Ce restaurant a-t-il du poisson au menu ? Ce bus va-t-il bien vers chez moi ? Autant de questions pratiques auxquelles les personnes non-voyantes peuvent désormais répondre sans dégainer leur smartphone grâce à la nouvelle génération de lunettes connectées, même si la fiabilité de l'intelligence artificielle (IA) incite à la prudence.

Aucun des leaders émergents de ce marché naissant n'a pourtant conçu de modèle avec cette population en tête mais, dans leur ombre, plusieurs start-up, dont certaines sont présentes cette semaine au grand salon de la technologie CES, à Las Vegas (États-Unis), contribuent à la constitution d'un écosystème dédié.
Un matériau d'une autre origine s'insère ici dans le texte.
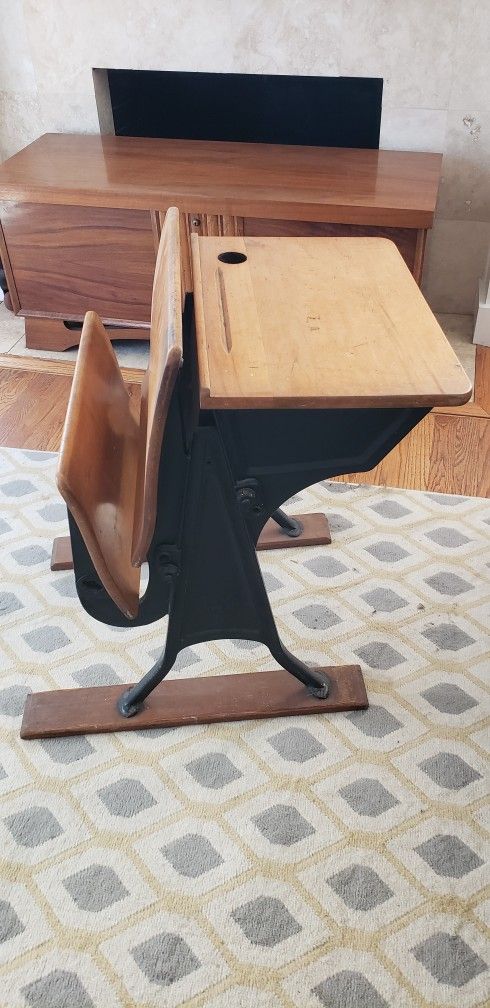 Foldable Antique School Desk With Inkwell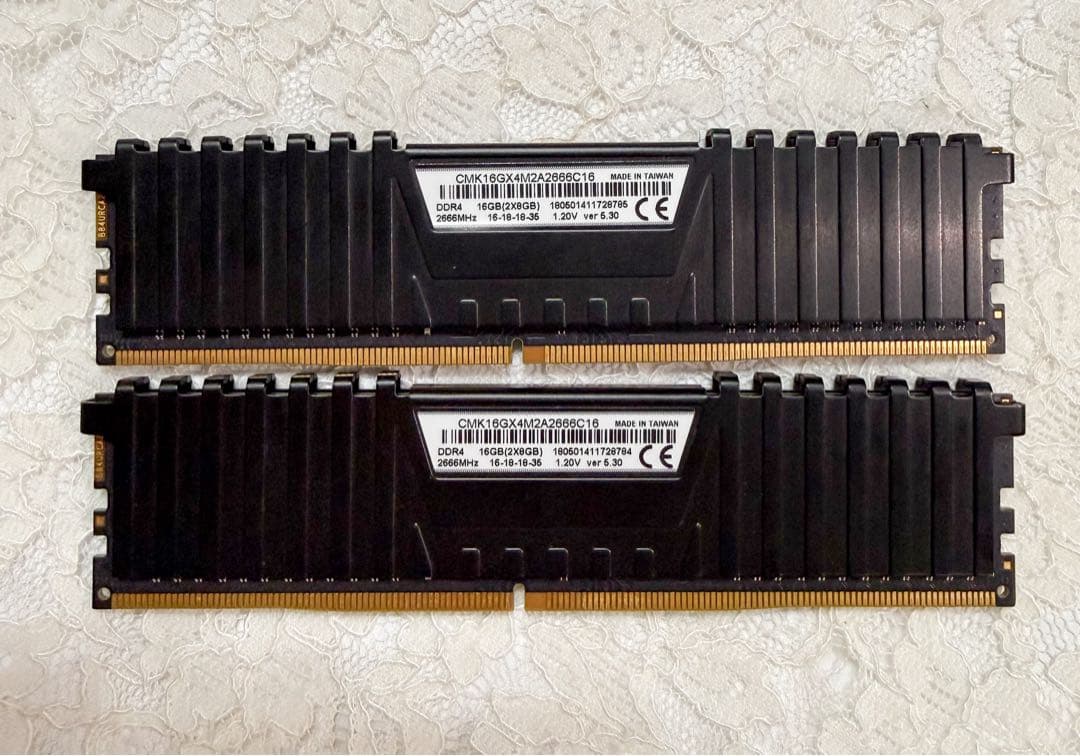 Corsair Vengeance LPX DDR4 8GB×2枚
Des lunettes plus intuitives que les smartphones

« Pour les voyants, les lunettes ne font que leur dire ce qu'ils aperçoivent déjà », souligne Aaron Preece, rédacteur en chef de la revue AccessWorld publiée par la Fondation américaine pour les aveugles (AFB). « Mais pour les non-voyants, (...) c'est utile. » De nombreuses applications sur smartphone sont déjà destinées aux personnes vivant avec une cécité « mais il faut le tenir et s'assurer que la caméra pointe bien dans la bonne direction », poursuit Aaron Preece, lui-même aveugle. « Alors que si c'est sur votre nez, c'est clairement plus intuitif. »

Selon l'Agence internationale pour la prévention de la cécité (IAPB), 43 millions de personnes sont aveugles dans le monde, tandis que 295 millions de plus présentent une déficience visuelle modérée à sévère.
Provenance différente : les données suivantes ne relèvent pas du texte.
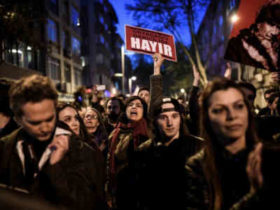 თურქეთში რეფერენდუმის შედეგების გაუქმებას ითხოვენ. დაკავებულია 19 ადამიანი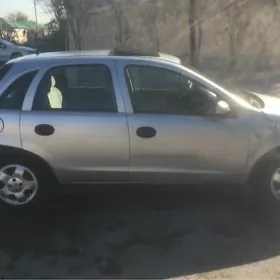 Opel Corsa 2001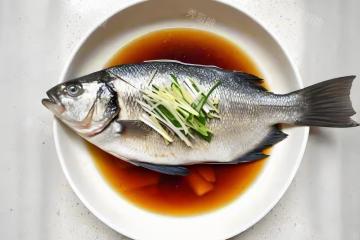 無論腌什麼魚，最忌用鹽和料酒腌制，你記住這幾個技巧，魚肉鮮嫩無腥味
Des modèles plus précis pour une meilleure accessibilité

Les lunettes Meta AI, de modèle Ray-Ban ou Oakley, peuvent décrire, sur demande orale, ce qui se trouve face à l'utilisateur ou contacter, via l'appli indépendante Be My Eyes, un bénévole à même de restituer la scène grâce à la caméra.

La jeune pousse californienne Agiga, dont les lunettes EchoVision ont été élaborées avec la collaboration de personnes aveugles, dont Stevie Wonder parmi ses testeurs, assure que sa représentation orale est plus riche et plus complète que celle des produits existants. L'angle de leur caméra (110°) capte aussi 50 % de plus que les autres « smart glasses », explique Xiaroan Wang, patronne d'Agiga, évitant à l'utilisateur d'« avoir à tourner la tête ». Leur lancement est prévu au premier trimestre 2026, à 599 dollars avec un abonnement payant en plus au service IA, contre un prix de départ à 299 dollars pour les Ray-Ban Meta.

Des collaborations plutôt qu'un modèle unique

Grand ancien du secteur, sur lequel il est présent depuis 2020, le Néerlandais Envision vient, lui aussi, de lancer une nouvelle version, en partenariat avec le spécialiste hongkongais Solos, vendue 699 dollars et assortie d'un an d'abonnement à son logiciel Ally (10 dollars par mois ensuite). Son patron, Karthik Mahadevan, ne croit pas au succès d'un fabricant positionné exclusivement sur le marché des aveugles et malvoyants « car vous ne pouvez pas être abordable et produire pour une niche ». Il préfère s'allier à des industriels pour se concentrer sur le logiciel, utilisable par plusieurs marques de lunettes, et voit d'un œil favorable l'arrivée prochaine de Google, Samsung ou Lenovo.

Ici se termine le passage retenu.